#### [GIVEN DATA]

Content starts

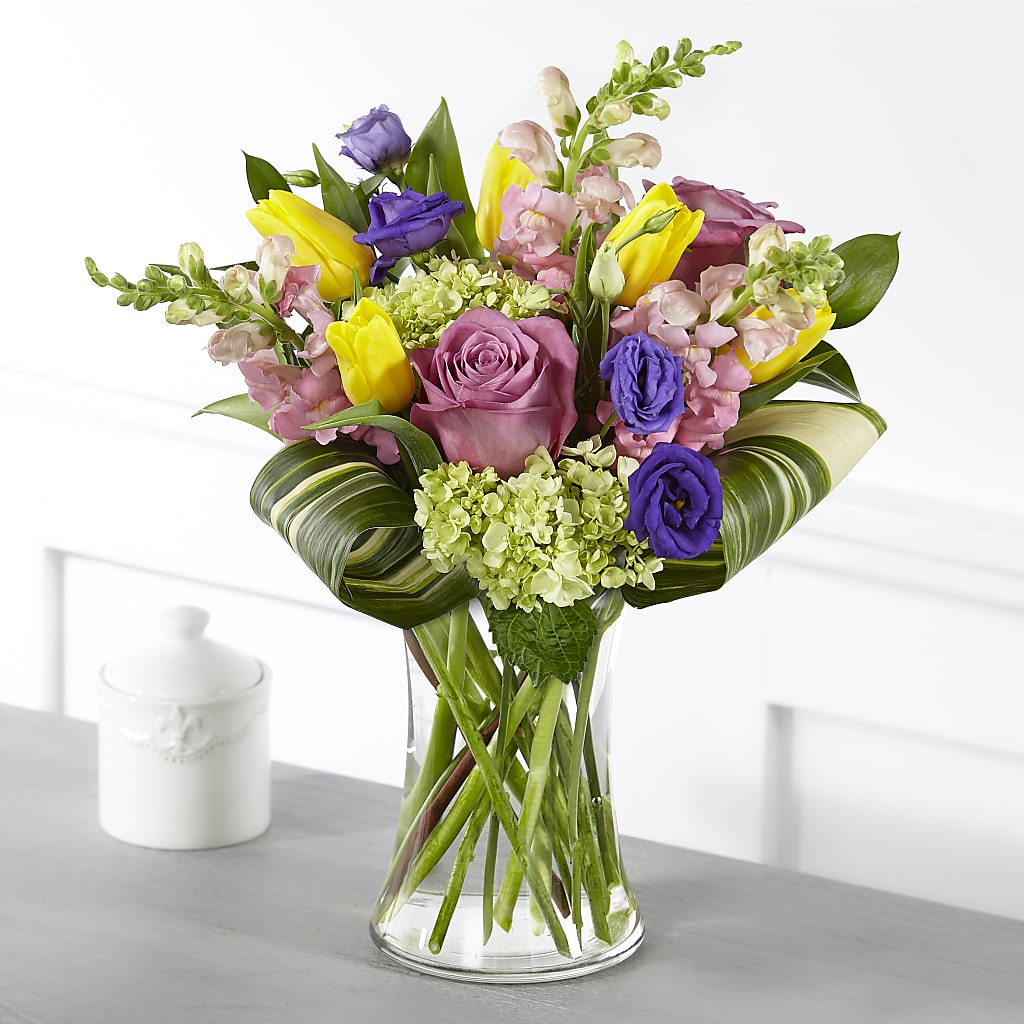 Wondrous Memories Bouquet – Bayport Flower Houses Inc, Bayport NY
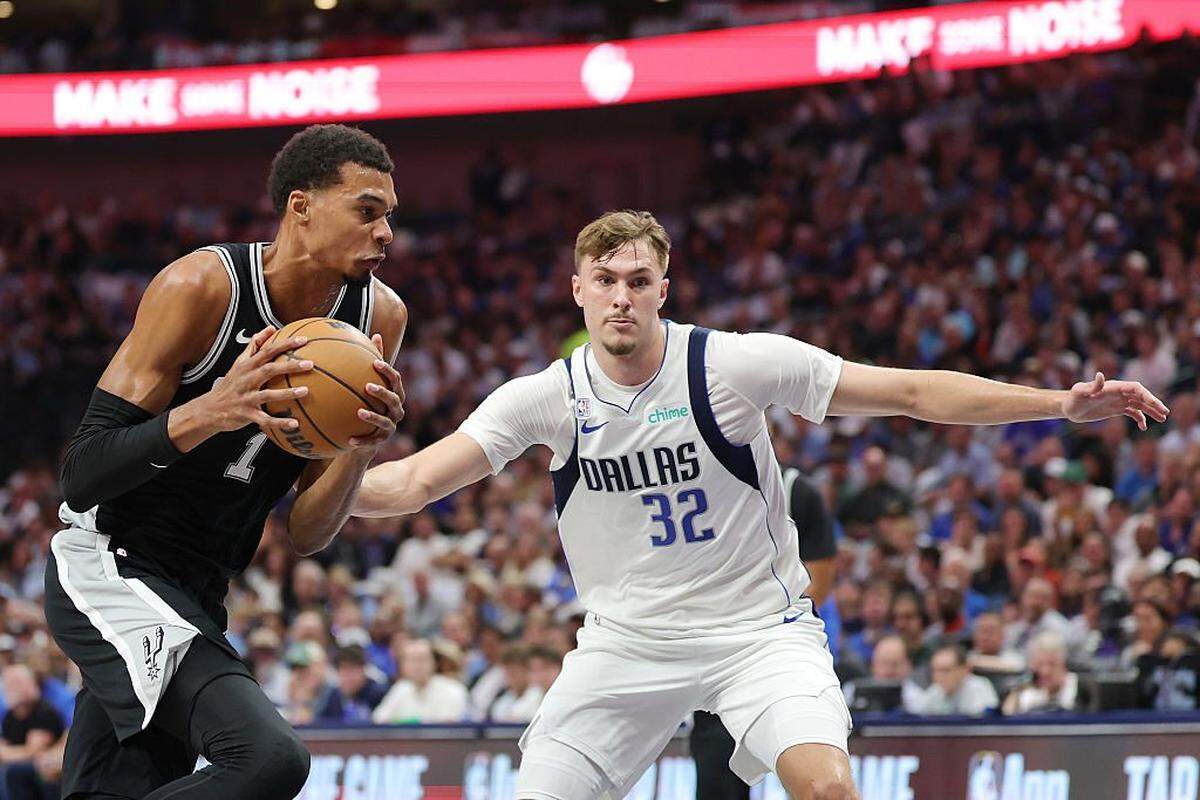 DALLAS, TEXAS - OCTOBER 22: Victor Wembanyama #1 of the San Antonio Spurs drives to the basket against Cooper Flagg #32 of the Dallas Mavericks during a game at American Airlines Center on October 22, 2025 in Dallas, Texas. NOTE TO USER: User expressly acknowledges and agrees that, by downloading and or using this photograph, User is consenting to the terms and conditions of the Getty Images License Agreement. (Photo by Stacy Revere/Getty Images)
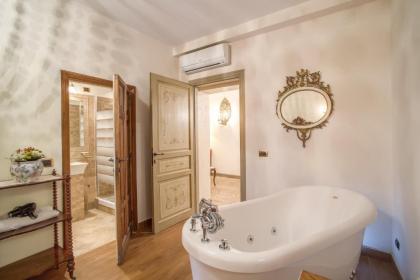 Navona Gallery Suites - image 11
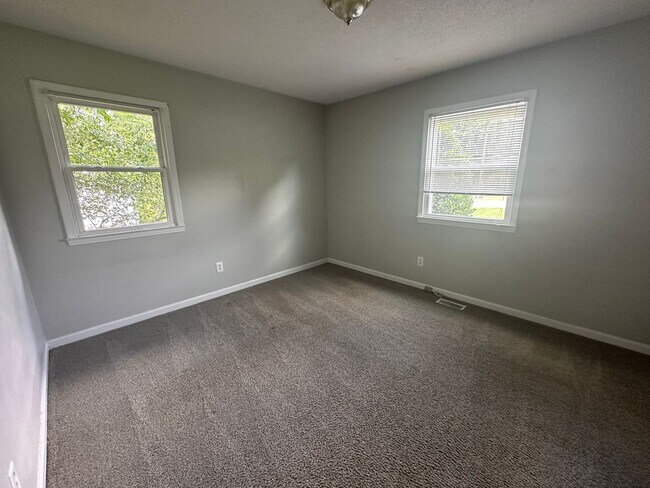 Building Photo - Northeast Raleigh 3 bedroom gem!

Content ends

#### [WHAT NEEDS TO BE DONE]
The preceding listing is to be restated word for word, with every picture omitted.

#### [ANSWER FOR THE TASK]
 Wondrous Memories Bouquet – Bayport Flower Houses Inc, Bayport NY
 DALLAS, TEXAS - OCTOBER 22: Victor Wembanyama #1 of the San Antonio Spurs drives to the basket against Cooper Flagg #32 of the Dallas Mavericks during a game at American Airlines Center on October 22, 2025 in Dallas, Texas. NOTE TO USER: User expressly acknowledges and agrees that, by downloading and or using this photograph, User is consenting to the terms and conditions of the Getty Images License Agreement. (Photo by Stacy Revere/Getty Images)
 Navona Gallery Suites - image 11
 Building Photo - Northeast Raleigh 3 bedroom gem!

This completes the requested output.